# What to work on
Copy out every entry that follows, without a single picture.

# Available data
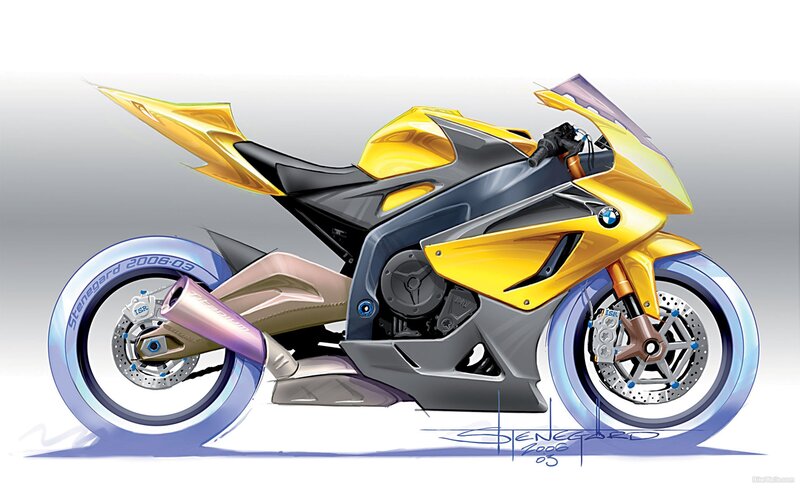 yellow BMW sport motorcycle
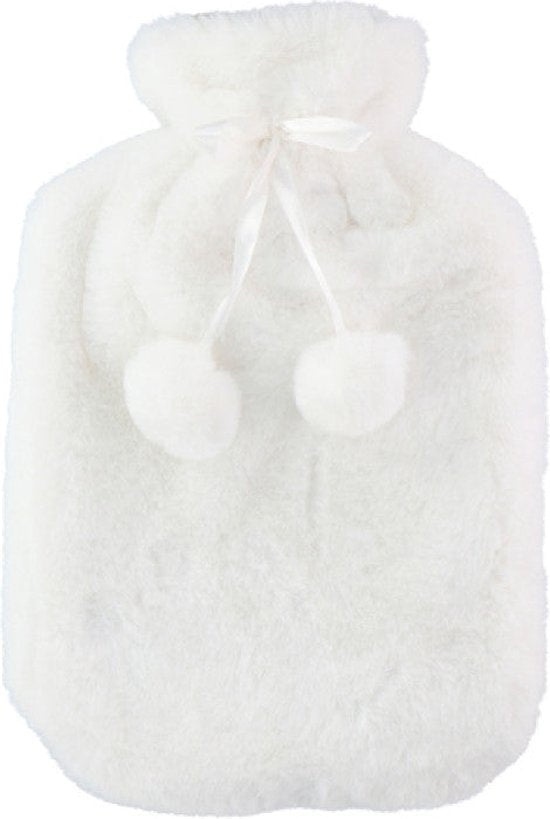 STEGGER kruik 2 liter van rubber met zachte pluche hoes, wit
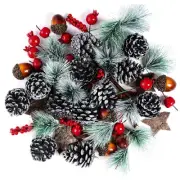 66pcs Artificial Pine Cones Pine Branch Set Fake Natural Pinecones Acorns Red...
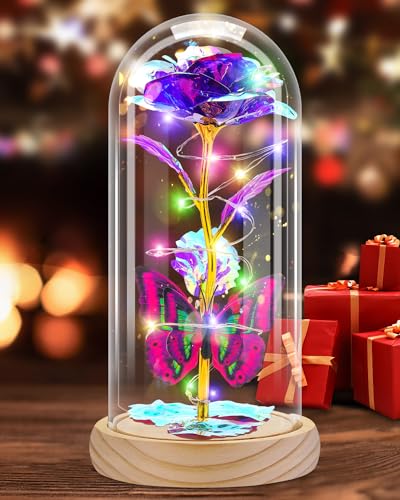 Otlonpe Preserved Artificial Rose Flower Lamp, Forever Women Gifts for Birthday Christmas Valentines Mothers Day, 7.7'' Glass Rose Wood Base Butterfly, Gifts for Mom Grandma Daughter Wife Girlfriend - color: Wood Purple
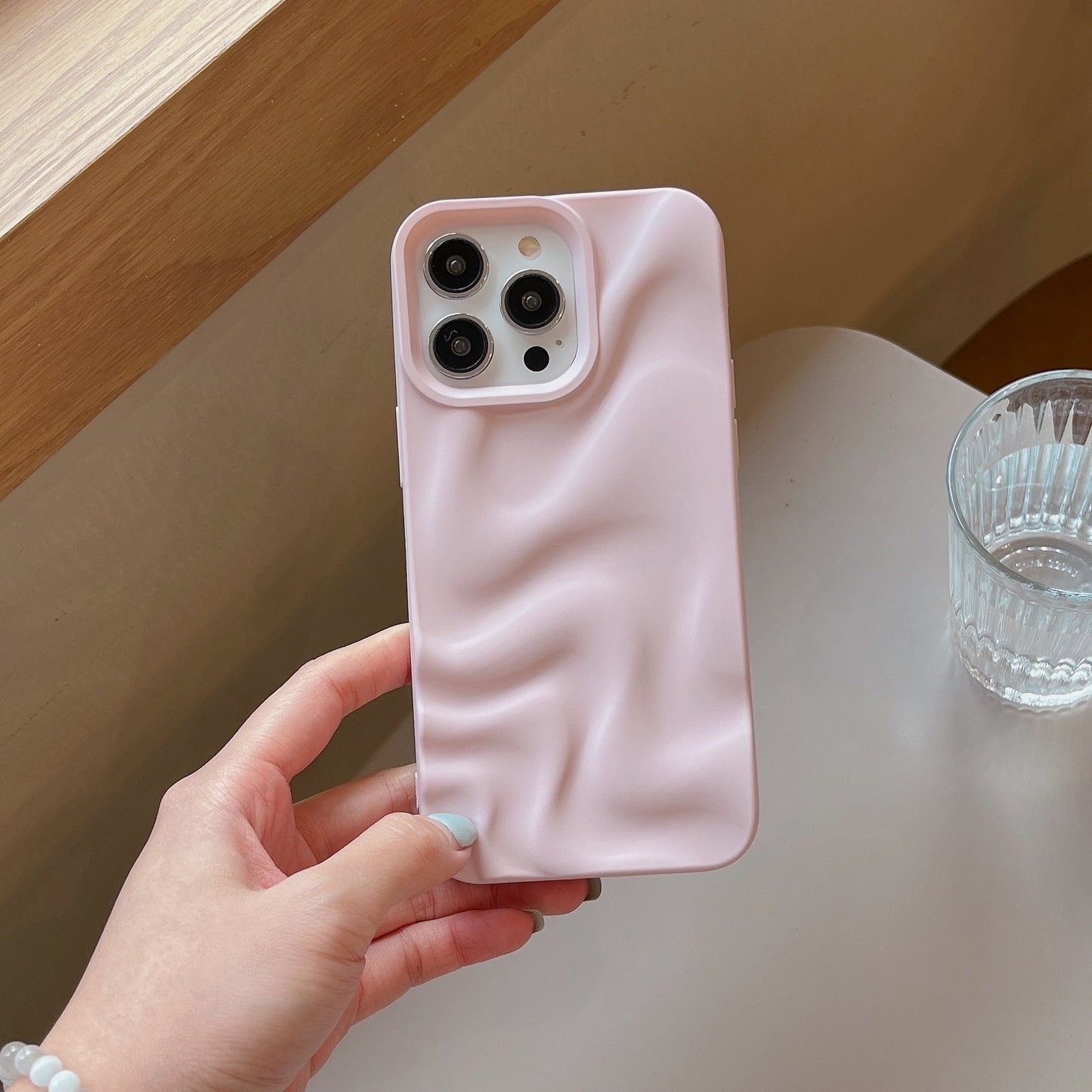 Simple Matte Solid Color Water Ripple Mobile Phone Soft Case For iPhone 16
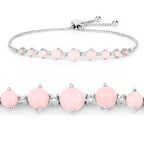 Pink Opal Bracelet With White Topaz 5.3 Carats Sterling Silver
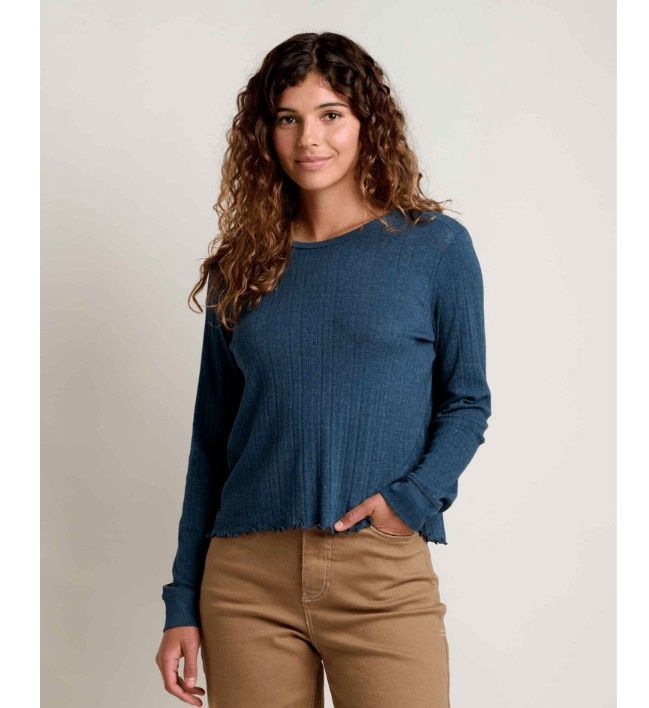 Foothill Pointelle LS Crew 2, Color: Midnight, Size: Small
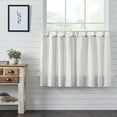 thumbnail image 1 of VHC Brands Stitched Burlap Farmhouse Curtain, White, Tier Set of 2 Panels 36x36, 1 of 10
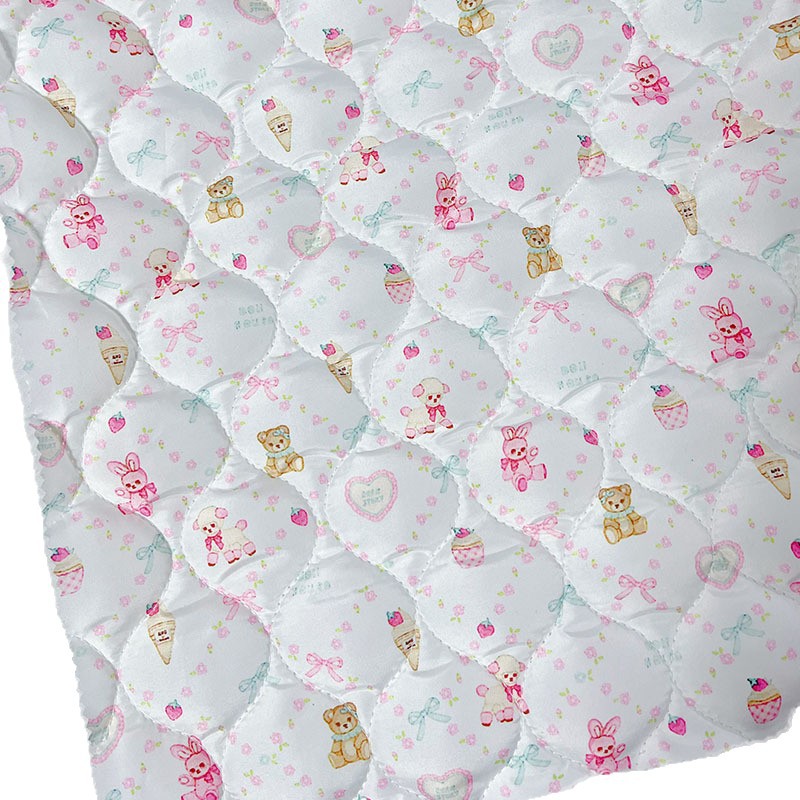 定制数码印花绗缝夹棉包面料北极绒复合保暖秋冬棉服布宠物用品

# Answer to the exercise
 yellow BMW sport motorcycle
 STEGGER kruik 2 liter van rubber met zachte pluche hoes, wit
 66pcs Artificial Pine Cones Pine Branch Set Fake Natural Pinecones Acorns Red...
 Otlonpe Preserved Artificial Rose Flower Lamp, Forever Women Gifts for Birthday Christmas Valentines Mothers Day, 7.7'' Glass Rose Wood Base Butterfly, Gifts for Mom Grandma Daughter Wife Girlfriend - color: Wood Purple
 Simple Matte Solid Color Water Ripple Mobile Phone Soft Case For iPhone 16
 Pink Opal Bracelet With White Topaz 5.3 Carats Sterling Silver
 Foothill Pointelle LS Crew 2, Color: Midnight, Size: Small
 thumbnail image 1 of VHC Brands Stitched Burlap Farmhouse Curtain, White, Tier Set of 2 Panels 36x36, 1 of 10
 定制数码印花绗缝夹棉包面料北极绒复合保暖秋冬棉服布宠物用品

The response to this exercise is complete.